Now, I am trying to understand the following: for communication within the cluster, I can use either a VXLAN or an EVPN zone. A VXLAN zone lets me define VXLANs without a control plane, so communication between nodes is probably based on flood-and-learn or ingress replication. An EVPN zone, on the other hand, brings an EVPN control plane into the picture, so unicast communication relies on EVPN-learned entries, and ingress replication or multicast is used for BUM traffic.

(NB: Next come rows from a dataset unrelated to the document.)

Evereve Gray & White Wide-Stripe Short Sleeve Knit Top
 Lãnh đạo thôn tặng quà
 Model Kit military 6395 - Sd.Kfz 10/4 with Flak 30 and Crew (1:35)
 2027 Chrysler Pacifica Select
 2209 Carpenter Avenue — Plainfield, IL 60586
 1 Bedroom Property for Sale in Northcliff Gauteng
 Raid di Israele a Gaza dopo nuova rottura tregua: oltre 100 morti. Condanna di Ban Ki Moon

After setting up the zones, what is the proper way to peer a simple BGP IPv4 session with the external fabric to announce all the networks that exist in Proxmox? I thought I could define an EVPN zone (VRF), create VNETs with subnets, select exit nodes and configure a BGP controller to speak BGP to the outside world. However, the GUI immediately told me this is not possible because my controller is not of the EVPN type - though I don't want to use EVPN AF to connect to the outside world.
 
You need to use both an EVPN controller (for the zone) which would handle distributing routes via the L2VPN EVPN AF and handle east-west traffic between PVE nodes, and then the BGP controller for announcing the routes via IPv4 AF for north-south traffic.
 
Thank you for quick reply. How do I decide which BGP controller belongs to which EVPN Zone? Let us assume we have dedicated L3 exits per EVPN Zone.
 
The way it works currently is that you define your nodes as exit nodes in the EVPN zone and then all EVPN routes from those zones get leaked/imported to the default routing table, which you can then announce via the BGP controller in IPv4 AF.

Currently it's not possible to separate this on the host via VRFs, but we're looking into implementing that. If you need that functionality you will need a router that is able to utilize the L2VPN EVPN AF and handle it on the router itself.